[Source data]
================
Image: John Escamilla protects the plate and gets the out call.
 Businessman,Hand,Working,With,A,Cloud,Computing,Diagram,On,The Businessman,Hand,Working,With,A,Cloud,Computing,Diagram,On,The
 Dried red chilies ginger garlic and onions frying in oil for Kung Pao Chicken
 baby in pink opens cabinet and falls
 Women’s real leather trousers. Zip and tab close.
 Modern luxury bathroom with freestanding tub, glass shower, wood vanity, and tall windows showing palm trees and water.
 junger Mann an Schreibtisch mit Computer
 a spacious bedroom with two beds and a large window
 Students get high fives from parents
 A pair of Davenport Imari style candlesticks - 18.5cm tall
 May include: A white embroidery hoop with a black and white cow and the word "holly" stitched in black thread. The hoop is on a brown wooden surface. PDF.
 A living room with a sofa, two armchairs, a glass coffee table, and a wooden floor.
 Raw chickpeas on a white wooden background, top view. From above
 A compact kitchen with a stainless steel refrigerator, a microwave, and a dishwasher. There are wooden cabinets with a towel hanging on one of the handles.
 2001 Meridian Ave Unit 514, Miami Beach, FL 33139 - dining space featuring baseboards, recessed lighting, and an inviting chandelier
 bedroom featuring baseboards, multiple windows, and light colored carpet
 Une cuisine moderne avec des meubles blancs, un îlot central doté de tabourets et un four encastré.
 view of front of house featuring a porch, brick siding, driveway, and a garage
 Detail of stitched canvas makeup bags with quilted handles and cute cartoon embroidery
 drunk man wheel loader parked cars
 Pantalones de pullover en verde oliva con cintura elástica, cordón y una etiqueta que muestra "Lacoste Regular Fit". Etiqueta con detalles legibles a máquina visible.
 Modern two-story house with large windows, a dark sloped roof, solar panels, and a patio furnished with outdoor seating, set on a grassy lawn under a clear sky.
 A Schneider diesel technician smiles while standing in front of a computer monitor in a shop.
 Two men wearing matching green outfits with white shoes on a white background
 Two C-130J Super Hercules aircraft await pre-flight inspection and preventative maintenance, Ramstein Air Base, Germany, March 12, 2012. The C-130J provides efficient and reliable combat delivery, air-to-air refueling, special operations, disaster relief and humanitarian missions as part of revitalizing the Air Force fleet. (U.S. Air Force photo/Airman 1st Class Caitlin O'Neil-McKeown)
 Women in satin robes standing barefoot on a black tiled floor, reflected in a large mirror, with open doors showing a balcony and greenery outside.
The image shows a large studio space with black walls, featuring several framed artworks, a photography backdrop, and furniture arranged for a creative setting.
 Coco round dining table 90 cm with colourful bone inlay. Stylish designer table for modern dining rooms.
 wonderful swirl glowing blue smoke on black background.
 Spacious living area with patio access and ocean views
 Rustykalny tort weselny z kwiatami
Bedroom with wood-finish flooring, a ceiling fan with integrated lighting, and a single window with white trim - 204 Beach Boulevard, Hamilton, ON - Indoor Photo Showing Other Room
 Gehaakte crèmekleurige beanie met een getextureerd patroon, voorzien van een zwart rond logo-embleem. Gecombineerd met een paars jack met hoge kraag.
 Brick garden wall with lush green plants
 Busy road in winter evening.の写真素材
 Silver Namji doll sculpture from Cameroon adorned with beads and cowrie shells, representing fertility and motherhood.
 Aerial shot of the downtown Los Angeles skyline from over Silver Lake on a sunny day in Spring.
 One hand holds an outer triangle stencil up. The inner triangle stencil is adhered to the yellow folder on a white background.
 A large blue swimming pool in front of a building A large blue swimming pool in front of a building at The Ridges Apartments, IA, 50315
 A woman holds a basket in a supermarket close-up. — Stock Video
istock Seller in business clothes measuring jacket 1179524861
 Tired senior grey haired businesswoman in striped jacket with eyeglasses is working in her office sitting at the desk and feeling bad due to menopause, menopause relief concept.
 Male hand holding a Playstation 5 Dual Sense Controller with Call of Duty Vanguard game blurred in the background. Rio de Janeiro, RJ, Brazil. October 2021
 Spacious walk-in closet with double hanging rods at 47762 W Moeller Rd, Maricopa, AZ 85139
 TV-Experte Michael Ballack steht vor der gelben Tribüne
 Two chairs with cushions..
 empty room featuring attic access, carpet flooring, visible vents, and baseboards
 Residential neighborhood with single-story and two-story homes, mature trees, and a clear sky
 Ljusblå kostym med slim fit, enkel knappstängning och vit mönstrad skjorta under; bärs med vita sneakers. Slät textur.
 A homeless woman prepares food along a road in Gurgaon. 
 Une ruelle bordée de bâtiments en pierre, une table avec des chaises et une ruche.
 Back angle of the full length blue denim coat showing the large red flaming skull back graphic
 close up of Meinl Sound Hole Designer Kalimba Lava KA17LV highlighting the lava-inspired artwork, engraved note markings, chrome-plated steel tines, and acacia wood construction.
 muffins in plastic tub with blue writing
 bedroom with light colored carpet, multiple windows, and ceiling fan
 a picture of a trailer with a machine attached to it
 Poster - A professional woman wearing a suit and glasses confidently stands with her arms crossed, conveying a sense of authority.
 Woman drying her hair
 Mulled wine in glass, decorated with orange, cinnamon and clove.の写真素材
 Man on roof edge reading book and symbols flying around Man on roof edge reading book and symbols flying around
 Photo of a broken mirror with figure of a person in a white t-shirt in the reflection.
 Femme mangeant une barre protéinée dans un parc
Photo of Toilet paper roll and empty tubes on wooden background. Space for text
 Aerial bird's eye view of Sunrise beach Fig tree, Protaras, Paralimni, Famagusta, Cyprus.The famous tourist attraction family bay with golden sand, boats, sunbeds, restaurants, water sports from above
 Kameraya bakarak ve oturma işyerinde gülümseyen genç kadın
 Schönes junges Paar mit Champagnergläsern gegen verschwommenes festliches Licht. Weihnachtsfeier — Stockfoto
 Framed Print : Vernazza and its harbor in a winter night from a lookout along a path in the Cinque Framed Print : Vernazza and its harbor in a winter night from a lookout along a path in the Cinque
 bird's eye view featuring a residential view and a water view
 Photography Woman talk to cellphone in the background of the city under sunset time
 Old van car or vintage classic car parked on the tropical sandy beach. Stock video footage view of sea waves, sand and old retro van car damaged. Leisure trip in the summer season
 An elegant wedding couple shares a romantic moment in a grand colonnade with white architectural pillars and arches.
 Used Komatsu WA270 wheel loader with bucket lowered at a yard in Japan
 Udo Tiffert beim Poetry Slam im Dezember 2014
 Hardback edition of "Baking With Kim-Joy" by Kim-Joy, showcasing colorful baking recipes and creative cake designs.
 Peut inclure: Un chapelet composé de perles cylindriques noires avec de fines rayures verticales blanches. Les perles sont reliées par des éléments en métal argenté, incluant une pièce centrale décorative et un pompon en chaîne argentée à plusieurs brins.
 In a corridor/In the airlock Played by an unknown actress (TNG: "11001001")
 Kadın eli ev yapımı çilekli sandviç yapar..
================
- _Exercise requirements_:
Extract all of the data shown above and repeat it verbatim.

- _Answer for the task_:
Image: John Escamilla protects the plate and gets the out call.
 Businessman,Hand,Working,With,A,Cloud,Computing,Diagram,On,The Businessman,Hand,Working,With,A,Cloud,Computing,Diagram,On,The
 Dried red chilies ginger garlic and onions frying in oil for Kung Pao Chicken
 baby in pink opens cabinet and falls
 Women’s real leather trousers. Zip and tab close.
 Modern luxury bathroom with freestanding tub, glass shower, wood vanity, and tall windows showing palm trees and water.
 junger Mann an Schreibtisch mit Computer
 a spacious bedroom with two beds and a large window
 Students get high fives from parents
 A pair of Davenport Imari style candlesticks - 18.5cm tall
 May include: A white embroidery hoop with a black and white cow and the word "holly" stitched in black thread. The hoop is on a brown wooden surface. PDF.
 A living room with a sofa, two armchairs, a glass coffee table, and a wooden floor.
 Raw chickpeas on a white wooden background, top view. From above
 A compact kitchen with a stainless steel refrigerator, a microwave, and a dishwasher. There are wooden cabinets with a towel hanging on one of the handles.
 2001 Meridian Ave Unit 514, Miami Beach, FL 33139 - dining space featuring baseboards, recessed lighting, and an inviting chandelier
 bedroom featuring baseboards, multiple windows, and light colored carpet
 Une cuisine moderne avec des meubles blancs, un îlot central doté de tabourets et un four encastré.
 view of front of house featuring a porch, brick siding, driveway, and a garage
 Detail of stitched canvas makeup bags with quilted handles and cute cartoon embroidery
 drunk man wheel loader parked cars
 Pantalones de pullover en verde oliva con cintura elástica, cordón y una etiqueta que muestra "Lacoste Regular Fit". Etiqueta con detalles legibles a máquina visible.
 Modern two-story house with large windows, a dark sloped roof, solar panels, and a patio furnished with outdoor seating, set on a grassy lawn under a clear sky.
 A Schneider diesel technician smiles while standing in front of a computer monitor in a shop.
 Two men wearing matching green outfits with white shoes on a white background
 Two C-130J Super Hercules aircraft await pre-flight inspection and preventative maintenance, Ramstein Air Base, Germany, March 12, 2012. The C-130J provides efficient and reliable combat delivery, air-to-air refueling, special operations, disaster relief and humanitarian missions as part of revitalizing the Air Force fleet. (U.S. Air Force photo/Airman 1st Class Caitlin O'Neil-McKeown)
 Women in satin robes standing barefoot on a black tiled floor, reflected in a large mirror, with open doors showing a balcony and greenery outside.
The image shows a large studio space with black walls, featuring several framed artworks, a photography backdrop, and furniture arranged for a creative setting.
 Coco round dining table 90 cm with colourful bone inlay. Stylish designer table for modern dining rooms.
 wonderful swirl glowing blue smoke on black background.
 Spacious living area with patio access and ocean views
 Rustykalny tort weselny z kwiatami
Bedroom with wood-finish flooring, a ceiling fan with integrated lighting, and a single window with white trim - 204 Beach Boulevard, Hamilton, ON - Indoor Photo Showing Other Room
 Gehaakte crèmekleurige beanie met een getextureerd patroon, voorzien van een zwart rond logo-embleem. Gecombineerd met een paars jack met hoge kraag.
 Brick garden wall with lush green plants
 Busy road in winter evening.の写真素材
 Silver Namji doll sculpture from Cameroon adorned with beads and cowrie shells, representing fertility and motherhood.
 Aerial shot of the downtown Los Angeles skyline from over Silver Lake on a sunny day in Spring.
 One hand holds an outer triangle stencil up. The inner triangle stencil is adhered to the yellow folder on a white background.
 A large blue swimming pool in front of a building A large blue swimming pool in front of a building at The Ridges Apartments, IA, 50315
 A woman holds a basket in a supermarket close-up. — Stock Video
istock Seller in business clothes measuring jacket 1179524861
 Tired senior grey haired businesswoman in striped jacket with eyeglasses is working in her office sitting at the desk and feeling bad due to menopause, menopause relief concept.
 Male hand holding a Playstation 5 Dual Sense Controller with Call of Duty Vanguard game blurred in the background. Rio de Janeiro, RJ, Brazil. October 2021
 Spacious walk-in closet with double hanging rods at 47762 W Moeller Rd, Maricopa, AZ 85139
 TV-Experte Michael Ballack steht vor der gelben Tribüne
 Two chairs with cushions..
 empty room featuring attic access, carpet flooring, visible vents, and baseboards
 Residential neighborhood with single-story and two-story homes, mature trees, and a clear sky
 Ljusblå kostym med slim fit, enkel knappstängning och vit mönstrad skjorta under; bärs med vita sneakers. Slät textur.
 A homeless woman prepares food along a road in Gurgaon. 
 Une ruelle bordée de bâtiments en pierre, une table avec des chaises et une ruche.
 Back angle of the full length blue denim coat showing the large red flaming skull back graphic
 close up of Meinl Sound Hole Designer Kalimba Lava KA17LV highlighting the lava-inspired artwork, engraved note markings, chrome-plated steel tines, and acacia wood construction.
 muffins in plastic tub with blue writing
 bedroom with light colored carpet, multiple windows, and ceiling fan
 a picture of a trailer with a machine attached to it
 Poster - A professional woman wearing a suit and glasses confidently stands with her arms crossed, conveying a sense of authority.
 Woman drying her hair
 Mulled wine in glass, decorated with orange, cinnamon and clove.の写真素材
 Man on roof edge reading book and symbols flying around Man on roof edge reading book and symbols flying around
 Photo of a broken mirror with figure of a person in a white t-shirt in the reflection.
 Femme mangeant une barre protéinée dans un parc
Photo of Toilet paper roll and empty tubes on wooden background. Space for text
 Aerial bird's eye view of Sunrise beach Fig tree, Protaras, Paralimni, Famagusta, Cyprus.The famous tourist attraction family bay with golden sand, boats, sunbeds, restaurants, water sports from above
 Kameraya bakarak ve oturma işyerinde gülümseyen genç kadın
 Schönes junges Paar mit Champagnergläsern gegen verschwommenes festliches Licht. Weihnachtsfeier — Stockfoto
 Framed Print : Vernazza and its harbor in a winter night from a lookout along a path in the Cinque Framed Print : Vernazza and its harbor in a winter night from a lookout along a path in the Cinque
 bird's eye view featuring a residential view and a water view
 Photography Woman talk to cellphone in the background of the city under sunset time
 Old van car or vintage classic car parked on the tropical sandy beach. Stock video footage view of sea waves, sand and old retro van car damaged. Leisure trip in the summer season
 An elegant wedding couple shares a romantic moment in a grand colonnade with white architectural pillars and arches.
 Used Komatsu WA270 wheel loader with bucket lowered at a yard in Japan
 Udo Tiffert beim Poetry Slam im Dezember 2014
 Hardback edition of "Baking With Kim-Joy" by Kim-Joy, showcasing colorful baking recipes and creative cake designs.
 Peut inclure: Un chapelet composé de perles cylindriques noires avec de fines rayures verticales blanches. Les perles sont reliées par des éléments en métal argenté, incluant une pièce centrale décorative et un pompon en chaîne argentée à plusieurs brins.
 In a corridor/In the airlock Played by an unknown actress (TNG: "11001001")
 Kadın eli ev yapımı çilekli sandviç yapar..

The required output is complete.